Kikuko meets me at the station. She and Tochihara have an agenda for me. First meet an art dealer. Then talk with an artist. Then hang the show.

Shimpei Kawai Is the first artist I meet. We sit at a table in the upstairs gallery. Kikuko and Tochihara sit in. Kikuko will translate. Tochihara explains art things to Kikuko who explains to me.

Mr. Kawai shows me his portfolio of pictures and explains. “I took 5000 butter rolls, painted and sprayed with resin. Later, when I cleaned out my warehouse I found a nest of roaches. The work was lost. The image of cockroaches was so strong that I quit working this way.” Now Kawai uses oil paints floating in resin. The pictures show flowing objects suspended between panes of glass. They are impressive, the forms sloppy, crawling or spilling over the edges of their implied Petrie dishes.

His friend and exhibition producer, Ken Tanemoto has created a genealogical chart of Mr. Kawai’s work. The chart mimics biologic evolution showing a characteristic developing through a series of forms. The chart also diagrams the flow of artistic ideas from one artwork to the next and then breaking off into new forms and lines of thought, which then develop and reshape through several generations. Each work is titled with a species-like name thought up by Mr. Tanemoto.

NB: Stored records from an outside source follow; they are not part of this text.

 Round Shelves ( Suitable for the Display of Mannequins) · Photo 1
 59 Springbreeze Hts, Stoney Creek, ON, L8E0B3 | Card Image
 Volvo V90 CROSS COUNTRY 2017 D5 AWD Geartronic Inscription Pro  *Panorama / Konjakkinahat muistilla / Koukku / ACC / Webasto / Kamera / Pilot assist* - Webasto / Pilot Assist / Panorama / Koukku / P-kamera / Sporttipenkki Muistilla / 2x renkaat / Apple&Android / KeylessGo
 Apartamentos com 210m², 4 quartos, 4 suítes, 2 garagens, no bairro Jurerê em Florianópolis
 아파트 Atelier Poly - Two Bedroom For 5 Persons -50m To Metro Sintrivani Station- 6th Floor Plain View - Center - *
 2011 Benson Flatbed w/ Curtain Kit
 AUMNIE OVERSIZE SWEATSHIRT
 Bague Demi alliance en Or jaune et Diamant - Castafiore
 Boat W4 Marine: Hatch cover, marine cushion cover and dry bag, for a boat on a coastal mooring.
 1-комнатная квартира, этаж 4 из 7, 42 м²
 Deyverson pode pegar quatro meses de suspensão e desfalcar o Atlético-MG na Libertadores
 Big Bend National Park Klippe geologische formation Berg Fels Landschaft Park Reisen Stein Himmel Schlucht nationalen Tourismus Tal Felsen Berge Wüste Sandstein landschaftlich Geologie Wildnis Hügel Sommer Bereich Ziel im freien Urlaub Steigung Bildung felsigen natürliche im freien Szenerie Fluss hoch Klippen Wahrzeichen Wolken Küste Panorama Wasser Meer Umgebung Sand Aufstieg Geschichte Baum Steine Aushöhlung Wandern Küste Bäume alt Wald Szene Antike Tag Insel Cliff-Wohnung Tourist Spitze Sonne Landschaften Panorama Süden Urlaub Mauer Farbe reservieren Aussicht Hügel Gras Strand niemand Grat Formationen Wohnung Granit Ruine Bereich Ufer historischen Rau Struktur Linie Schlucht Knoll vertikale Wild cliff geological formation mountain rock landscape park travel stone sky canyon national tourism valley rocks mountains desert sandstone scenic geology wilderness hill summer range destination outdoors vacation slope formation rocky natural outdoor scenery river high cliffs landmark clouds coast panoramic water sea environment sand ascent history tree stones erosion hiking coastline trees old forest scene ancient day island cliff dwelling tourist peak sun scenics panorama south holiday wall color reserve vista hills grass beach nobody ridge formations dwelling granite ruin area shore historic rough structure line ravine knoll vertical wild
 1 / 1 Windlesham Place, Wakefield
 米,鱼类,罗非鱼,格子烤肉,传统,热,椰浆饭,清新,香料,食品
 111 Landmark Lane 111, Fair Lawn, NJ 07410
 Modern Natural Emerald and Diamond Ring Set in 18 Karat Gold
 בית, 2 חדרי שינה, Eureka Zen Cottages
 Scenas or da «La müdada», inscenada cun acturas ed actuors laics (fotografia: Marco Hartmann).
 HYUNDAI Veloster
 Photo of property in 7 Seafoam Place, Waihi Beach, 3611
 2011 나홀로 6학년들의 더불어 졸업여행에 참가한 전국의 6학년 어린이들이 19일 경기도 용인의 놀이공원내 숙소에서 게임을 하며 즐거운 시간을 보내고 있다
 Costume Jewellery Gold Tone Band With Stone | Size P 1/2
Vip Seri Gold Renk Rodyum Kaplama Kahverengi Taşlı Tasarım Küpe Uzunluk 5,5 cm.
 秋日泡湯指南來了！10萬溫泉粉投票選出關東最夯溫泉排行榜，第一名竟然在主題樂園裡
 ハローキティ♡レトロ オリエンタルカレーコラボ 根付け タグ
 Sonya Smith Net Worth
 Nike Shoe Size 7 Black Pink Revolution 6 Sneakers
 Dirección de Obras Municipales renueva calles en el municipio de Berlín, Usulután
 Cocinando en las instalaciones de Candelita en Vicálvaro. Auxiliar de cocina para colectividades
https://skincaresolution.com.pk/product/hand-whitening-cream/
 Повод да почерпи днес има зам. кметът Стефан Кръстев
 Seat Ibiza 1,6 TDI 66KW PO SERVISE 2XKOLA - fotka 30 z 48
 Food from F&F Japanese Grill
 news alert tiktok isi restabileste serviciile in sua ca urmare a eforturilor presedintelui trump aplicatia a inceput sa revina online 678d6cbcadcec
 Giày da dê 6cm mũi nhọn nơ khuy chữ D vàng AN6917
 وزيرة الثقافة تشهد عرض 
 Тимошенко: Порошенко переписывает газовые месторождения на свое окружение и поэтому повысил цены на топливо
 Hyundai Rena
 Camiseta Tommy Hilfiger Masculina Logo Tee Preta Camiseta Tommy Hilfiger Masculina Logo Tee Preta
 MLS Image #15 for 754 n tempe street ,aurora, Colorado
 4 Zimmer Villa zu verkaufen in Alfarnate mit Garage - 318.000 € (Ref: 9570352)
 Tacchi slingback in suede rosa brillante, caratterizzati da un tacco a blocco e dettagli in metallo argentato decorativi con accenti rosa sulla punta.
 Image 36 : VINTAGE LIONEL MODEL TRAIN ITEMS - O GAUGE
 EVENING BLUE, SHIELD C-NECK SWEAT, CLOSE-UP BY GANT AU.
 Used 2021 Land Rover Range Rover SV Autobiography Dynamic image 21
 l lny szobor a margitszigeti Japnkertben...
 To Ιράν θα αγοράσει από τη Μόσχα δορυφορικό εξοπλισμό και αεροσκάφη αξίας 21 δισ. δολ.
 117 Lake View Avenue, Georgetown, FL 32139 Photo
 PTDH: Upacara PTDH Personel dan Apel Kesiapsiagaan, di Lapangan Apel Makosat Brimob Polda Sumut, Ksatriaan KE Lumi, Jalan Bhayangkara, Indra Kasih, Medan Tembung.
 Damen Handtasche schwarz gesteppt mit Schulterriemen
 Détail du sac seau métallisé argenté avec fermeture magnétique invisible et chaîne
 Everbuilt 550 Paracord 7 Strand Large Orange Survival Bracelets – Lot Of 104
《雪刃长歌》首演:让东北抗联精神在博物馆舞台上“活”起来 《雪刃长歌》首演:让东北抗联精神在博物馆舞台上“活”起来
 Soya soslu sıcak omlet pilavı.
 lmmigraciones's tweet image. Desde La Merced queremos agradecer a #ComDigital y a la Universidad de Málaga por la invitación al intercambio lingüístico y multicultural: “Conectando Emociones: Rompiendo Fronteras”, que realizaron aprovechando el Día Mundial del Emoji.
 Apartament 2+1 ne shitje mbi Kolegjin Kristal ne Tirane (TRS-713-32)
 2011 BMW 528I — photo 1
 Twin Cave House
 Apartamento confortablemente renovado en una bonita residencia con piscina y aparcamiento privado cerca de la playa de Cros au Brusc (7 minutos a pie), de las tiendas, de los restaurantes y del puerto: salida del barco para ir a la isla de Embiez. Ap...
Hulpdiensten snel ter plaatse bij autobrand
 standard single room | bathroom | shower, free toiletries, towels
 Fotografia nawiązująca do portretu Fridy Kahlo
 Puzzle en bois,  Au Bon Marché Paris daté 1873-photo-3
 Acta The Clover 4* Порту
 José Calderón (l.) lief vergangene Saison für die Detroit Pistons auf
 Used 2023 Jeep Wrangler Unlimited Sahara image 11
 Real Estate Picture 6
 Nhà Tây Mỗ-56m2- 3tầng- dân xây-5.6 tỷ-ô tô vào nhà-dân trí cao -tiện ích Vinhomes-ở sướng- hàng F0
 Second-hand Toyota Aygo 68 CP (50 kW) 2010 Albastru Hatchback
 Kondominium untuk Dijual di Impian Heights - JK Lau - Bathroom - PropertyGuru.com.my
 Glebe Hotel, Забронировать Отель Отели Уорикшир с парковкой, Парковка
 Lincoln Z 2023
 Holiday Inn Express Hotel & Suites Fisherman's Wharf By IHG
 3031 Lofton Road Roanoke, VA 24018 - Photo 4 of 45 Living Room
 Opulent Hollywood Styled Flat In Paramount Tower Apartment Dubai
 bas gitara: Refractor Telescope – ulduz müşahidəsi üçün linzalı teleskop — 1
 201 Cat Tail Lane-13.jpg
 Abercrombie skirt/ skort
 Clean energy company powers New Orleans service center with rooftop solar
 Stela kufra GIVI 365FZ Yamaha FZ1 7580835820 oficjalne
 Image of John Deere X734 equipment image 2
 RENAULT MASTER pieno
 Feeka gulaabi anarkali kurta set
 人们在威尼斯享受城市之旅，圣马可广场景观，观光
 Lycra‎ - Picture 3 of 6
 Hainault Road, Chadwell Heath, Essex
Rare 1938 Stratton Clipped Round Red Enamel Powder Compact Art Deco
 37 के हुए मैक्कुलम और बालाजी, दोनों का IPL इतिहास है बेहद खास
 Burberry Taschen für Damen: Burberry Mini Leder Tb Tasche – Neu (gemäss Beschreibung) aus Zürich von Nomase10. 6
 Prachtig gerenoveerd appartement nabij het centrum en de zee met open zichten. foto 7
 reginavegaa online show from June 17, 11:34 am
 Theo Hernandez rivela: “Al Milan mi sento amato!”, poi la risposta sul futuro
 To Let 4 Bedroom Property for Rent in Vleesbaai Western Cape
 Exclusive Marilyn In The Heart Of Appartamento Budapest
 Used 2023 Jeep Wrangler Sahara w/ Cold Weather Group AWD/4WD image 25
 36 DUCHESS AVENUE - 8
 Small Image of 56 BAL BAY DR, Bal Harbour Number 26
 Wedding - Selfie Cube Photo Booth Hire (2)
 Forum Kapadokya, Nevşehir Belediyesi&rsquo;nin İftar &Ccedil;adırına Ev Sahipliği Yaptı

I ask Mr. Kawai is Mr. Tanemoto is a collaborator? “No. He is like an insect researcher. He understands the work, so he studies it.” Mr. Kawai goes to the U.S. the next day. I like the way he says it. “I am going to the Smithsonian to look at bugs.”

This is my first real experience with a translator. It is like a foreign film. They talk for a long time and then a single sentence of explanation is offered. I am hearing the conclusion but missing out on the thinking.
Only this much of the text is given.